The VA Hospital

A particularly aggravating deviation for many 50 and 60 riders is the loop into the Veterans Administration Parking Lot. Although most riders presumably are not churlish about providing services to old or disabled veterans, Route 36 is equally close, a one-seat ride to the downtown transit hubs, more frequent, and wouldn’t require such a detour. Unfortunately, it doesn’t directly serve the hospital’s main entrance.

It isn’t for the most environmentally sustainable reasons, but relief is in sight. Lisa Mizumoto of the VA:

Due to construction of a 1000 car parking garage there will not be enough maneuver space, at the VA, for the 50 and 60 bus, so it will have to drop off at points along S. Columbian way. The 36 bus however, will continue to run down Beacon Ave S. where employees and Veterans will continue to have access to the South Entrance.

This is a VA approved and funded project that was designed to address our parking shortages. The project is expected to begin sometime between November 2013 and February 2014. Construction is expected last to between last 18-24 months.

Ms. Mizumoto confirmed in a followup email that the service change is temporary, until construction concludes. Regular through riders on these routes can only hope that the Route 36 solution proves to be satisfactory enough in the long run.

38 Replies to “The 50 and 60 Will Get a Little More Direct”

  1. I always thought is was a mistake for Link to skip the V. A. It seems like the biggest destination (by far) for that area. It would have probably added some cost (for additional tunneling) and maybe fewer stops, but I think overall ridership would be higher right now.

    1. Not sure. But apparently there’s federal money for a 1,000 car parking garage in the area.

      1. It is a darn shame they can’t find sufficient funds to take care of our veterans’ health care needs without long waiting lists for life-saving services. But that isn’t the fault of the VA, AFAIK. That is just the bipartisan lack of support for our troops. At least they get valet service for parking their cars.

      2. I think it is more just a big software systems engineering issue. Basically, the systems that handle military information are different than the ones that handle VA records. It sounds simple to integrate them, but they are very old, and very, very large. Unfortunately, it takes a lot of time and money to change systems like that. As appalling as the software snafu sounds (in this day and age) it is typical for systems this old and this large.

      3. Traditionally, solving the software problem simply requires building the server farm and other facilities in the right committee chair’s district. Or have earmarks now been outlawed?

        Doesn’t the President have the authority to sign an executive order, and make the software solution happen?
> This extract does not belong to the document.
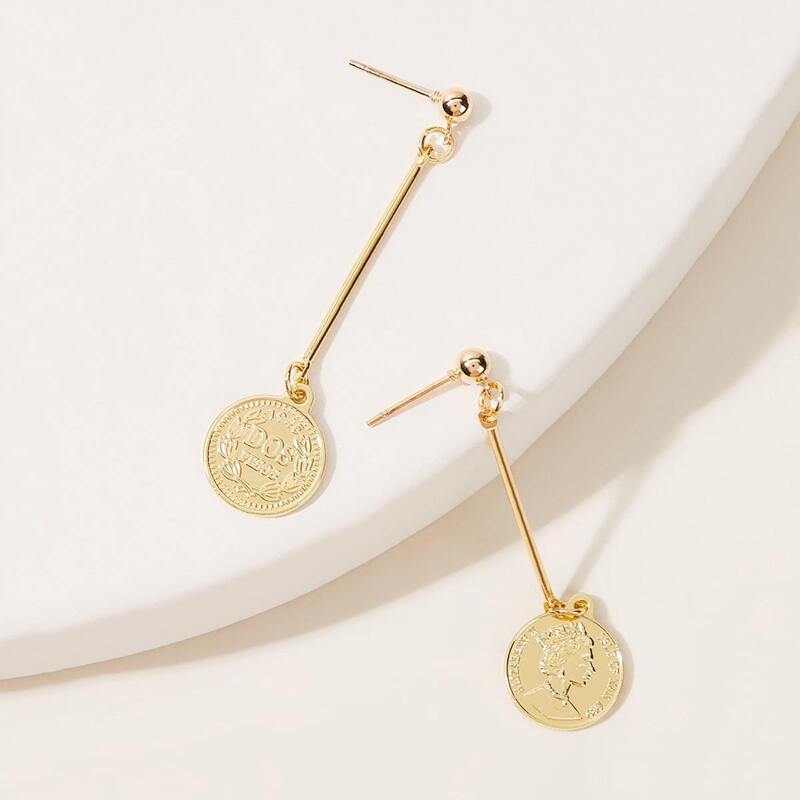 

Stick & Coin Drop Earrings 1pair, Gold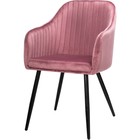 Стул на металлокаркасе Slam металл/велюр, черный/розовый 53x60x82 см 10510886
      4. The federal fiscal year ends at the end of Sept. All funds need to be allocated by then, and sometimes some part of your department realizes they won’t be able to spend all of their money in time (for example if a project is delayed and needs to be paid for with next year’s budget). Letting the funds expire in Oct not only means you lose these funds, but it’s harder to convince Congress that you need more money next year (hey, you didn’t spend everything we gave you last year). This generally turns into easy, off-the-shelf projects like parking lots that are funded in Aug or Sept.

        I don’t know that this is what happened here – maybe they really feel they need more parking (in fact they probably do feel this way – I doubt they’d build it just to build it). But this is a frequent reason for mid-size dumb projects in the government.

      5. @Brent — It’s not a lack of servers, it’s a lack of systems engineering. They are working on it, but projects of this nature take a long time. There are probably millions of lines of codes to work out. Medical insurance can be extremely complicated. Give me a weekend, and I could build Facebook. Give me a few hundred developers, testers, managers and medical experts and it would probably take me twice as long to solve that puzzle than the folks who are working on it. We are talking years, not months.

      6. My dad was an insurance broker. It really is complicated, and RossB is not far off. At least half the overhead could be eliminated by streamlining the tax code and restructuring the regulatory incentives, but we’re a long way from that. And of course, even if we did that, there would be a large conversion process.

        I’m reminded of what a Canadian told me, that their hospitals and doctors’ offices have one part-time billing person compared to our army of paper-pushers. And the main reason they have that person is to bill Americans who get sick in Canada.

      7. At least they get valet service for parking their cars.

        Funny you should mention that. As I was dropping off a passenger yesterday at the VA in my taxicab, I was just thinking about how, if you arrive by Metro bus, taxi, Access, get dropped off, or any other way; then there is a couple of hundred foot walk (uphill) to get to the front door. (And it always bothers me to drop anyone, especially disabled vets, on the curb so far from the door.)

        On the other hand, If someone drives there in their own car, they pull up right in front of the main entrance, where a platoon of valet parking technicians are there to park their cars in the lot. Cars rule there.

    2. Where are the next-nearest VA hospitals? It may be getting patients driving in from all over western Washington, where buses are not a feasable option.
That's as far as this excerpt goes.